Build status codecov doc doc maven

Saddle: Scala Data Library for JVM and Scala.js

Introduction

Saddle is a data manipulation library for Scala that provides array-backed, indexed, one- and two-dimensional data structures that are specialized on primitive types to avoid the overhead of boxing and unboxing.

Saddle offers numerical calculations, automatic alignment of data along indices, robustness to missing (N/A) values, and facilities for I/O.

Features

  • All of saddle's core data structures avoid boxing of primitive types thus maintaining optimal memory efficiency and cache locality.
  • One- and two-dimensional vectors (Vec[T] and Mat[T]).
  • Constant time lookup index supporting database-like inner and outer joins (Index[T]).
  • Combined of index and vector types, both 1D (Series[Key,Value]) and 2D (Frame[RowKey,ColumnKey,Value]).
  • Support for multilevel indexes, and data manipulations like pivots, joins, merges, group by-s, sorts.
  • Convenient vectorized binary operations betweens the above data structures.
  • Automatic, non-boxed handling of missing values.
  • Native linear algebra backed by BLAS/LAPACK on amd64, aarch64 and Apple arm64. On linux needs a system wide installation of BLAS and LAPACK shared libraries.
  • Getting data in and out of the library:
    • Extremely fast CSV, integer and floating point parsers doing minimal allocations and minimal branching.
    • CSV writer.
    • Support for reading contigous numeric arrays from npy files.
    • Fast and memory efficient binary serialization format.
    • Circe and jsoniter-scala type classes.
  • Published for Scala on the JVM and Scala.js, Scala 2.13 and 3.

Documentation

How to build the code

You need sbt: sbt test

How to build the website

The website is built with hugo and the hugo-book theme.

The theme is a git submodule.
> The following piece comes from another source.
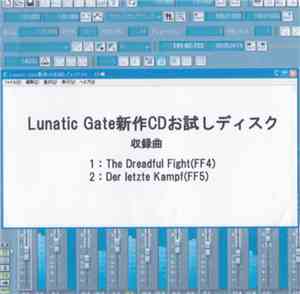 Luna  - Lunatic Gate新作CDお試しディスク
It must be initialized.

git submodule update --init

Create and serve the site with:

sbt docs/mdoc docs/unidoc && cd website && hugo

License

Saddle is distributed under the Apache License Version 2.0 (see LICENSE file).

Copyright

Copyright (c) 2013-2015 Novus Partners, Inc.

Copyright (c) 2013-2015 The Saddle Development Team

All rights reserved.

Saddle is subject to a shared copyright. Each contributor retains copyright to his or her contributions to Saddle, and is free to annotate these contributions via code repository commit messages. The copyright to the entirety of the code base is shared among the Saddle Development Team, comprised of the developers who have made such contributions.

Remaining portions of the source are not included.